Song
- Language: Irish
- English title: "Peggy Lettermore"
- Published: 1911
- Genre: Irish folk song
- Songwriters: Máirtín Ó Clochartaigh, Pádraic Ó Maille

= Peigín Leitir Móir =

"Peigín Leitir Móir" is a popular Irish folk song.

The original verses of the song were written in Irish by Máirtín Ó Clochartaigh and Pádraic Ó Maille of Leitir Caladh (a townland to the north of Leitir Mór, County Galway) around the turn of the 20th century.
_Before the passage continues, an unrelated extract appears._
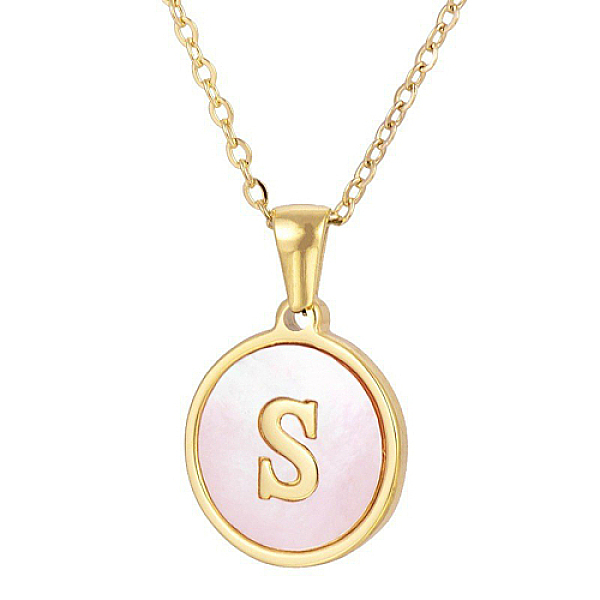PandaHall Natural Shell Initial Letter Pendant Necklace, with Golden Stainless Steel Cable Chains, Letter S, 17.72 inch(45cm) Shell Letter S..., Pink
PandaHall Natural Shell Initial Letter Pendant Necklace, with Golden Stainless Steel Cable Chains, Letter S, 17.72 inch(45cm) Shell Letter S..., Pink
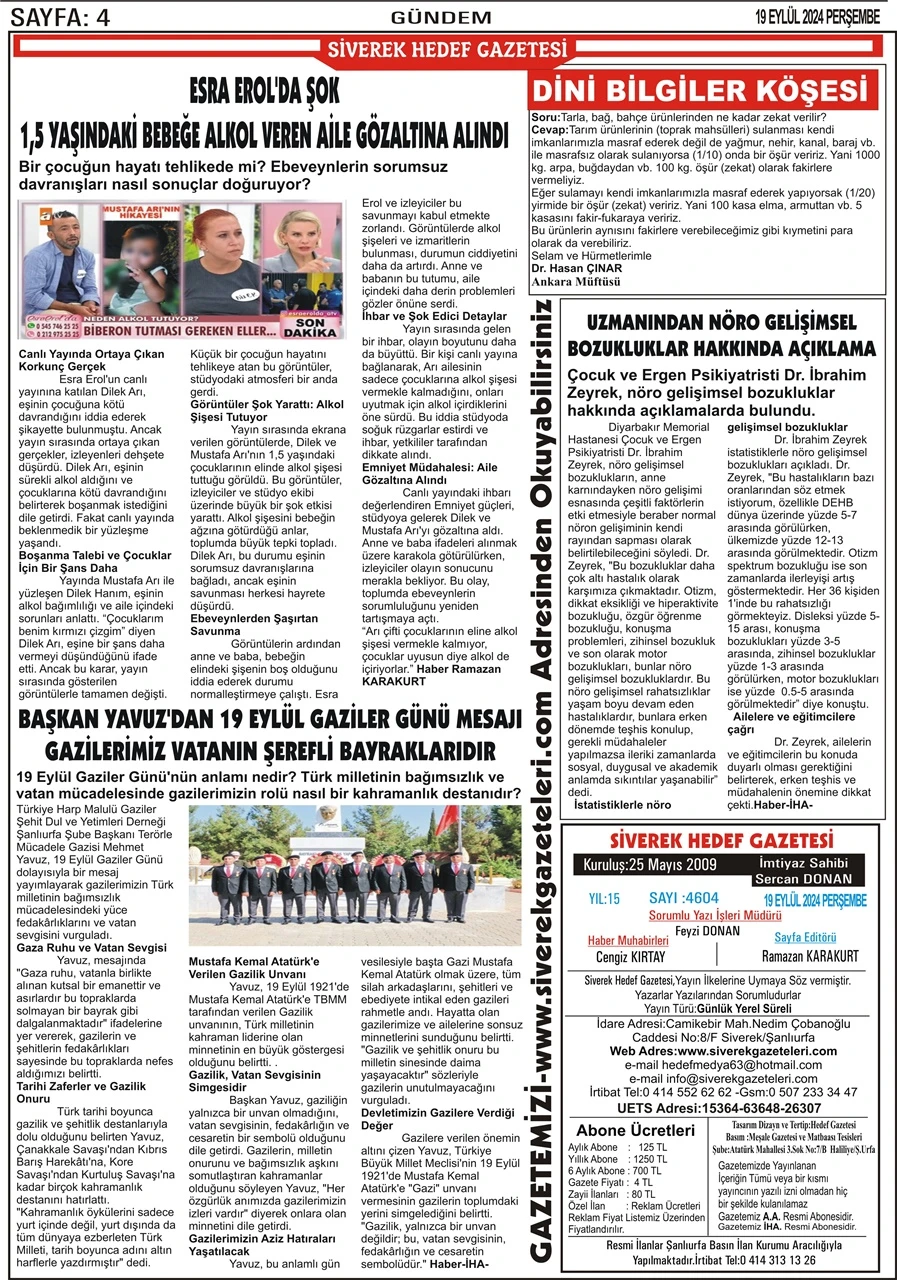 19.09.2024 Tarihli Gazetemiz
It was published in the review An Claidheamh Soluis in 1911. However, new verses were added at various times and places as the song gained popularity in Irish-speaking districts.

In general, the song extols the beauty of a woman called Peigín, and tells how she attracts not only the poet but men from different districts.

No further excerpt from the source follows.